Professors wonder how much change there will be with Obama administration

WALTHAM, Mass. – Barack Obama’s election is a watershed event in U.S. history, but it does not assure that American society will be transformed for the better, a panel of Brandeis politics, history and economics professors concluded at a recent forum on the election results.

About 140 students, faculty and alumni crowded Rapaporte Treasure Hall to hear the discussion, which was part of the Brandeis Spotlight Forum series. The event was moderated by Guy Raz ’96, a veteran foreign correspondent who is on leave as National Public Radio’s Pentagon correspondent.

"We have to see how it’s going to be, how he governs," said Peniel Joseph, an associate professor of African and Afro-American studies who achieved national prominence during the campaign as an analyst for PBS and a source for leading journalists.

"We also have to see what this isn’t," Joseph cautioned. "People are talking about the end of racism. I don’t think it is necessarily going to be that.

"Obama’s victory doesn’t eliminate poverty, it doesn’t make Harvard or Brandeis hire more black faculty, which they should," Joseph said. While the first press conference, the first State of the Union message, and the first family pictures from the White House all will be historic, "if there is no difference between 2009 and 2013 in the number African Americans in positions of power, then we will have to question the transformative influence."

John Ballantine Jr., a senior lecturer at Brandeis International Business School, said that it is unclear whether the election will be a transformative event or merely a swing of the political pendulum toward the center or center-left.

Franklin Delano Roosevelt created a new American system out of the ruins of the economic crash of the 1930s, but the role FDR carved out for government was deeply resented by a core of Americans who finally succeeded in undoing Roosevelt’s New Deal with the Reagan Revolution of the 1980s and the deregulatory fervor that started with President Reagan and continued through the administration of George W. Bush.

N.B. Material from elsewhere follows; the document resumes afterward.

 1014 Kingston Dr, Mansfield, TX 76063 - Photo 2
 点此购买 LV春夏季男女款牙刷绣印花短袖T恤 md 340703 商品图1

Now, with the country already in deep economic difficulty and a wave of bankruptcies, recession and panic in prospect, Obama will not easily be able to finance the changes in energy, health-care and taxation policies that he has promised, Ballantine said.

Mingus Mapps, an assistant professor of politics, presented extensive analysis of data from the last quarter-century and from this week’s balloting and asserted that the Republican Party is in much deeper trouble than the loss of a single presidential election might indicate.

The data show that many people of color – whose proportion in American society is steadily increasing – have formed solid loyalties to the Democratic Party. Alleged resentment of Obama by Hillary Clinton supporters and of blacks by Latinos – both subjects much discussed during the campaign – did not materialize on Election Day, when Obama ran extremely well among women and Hispanics.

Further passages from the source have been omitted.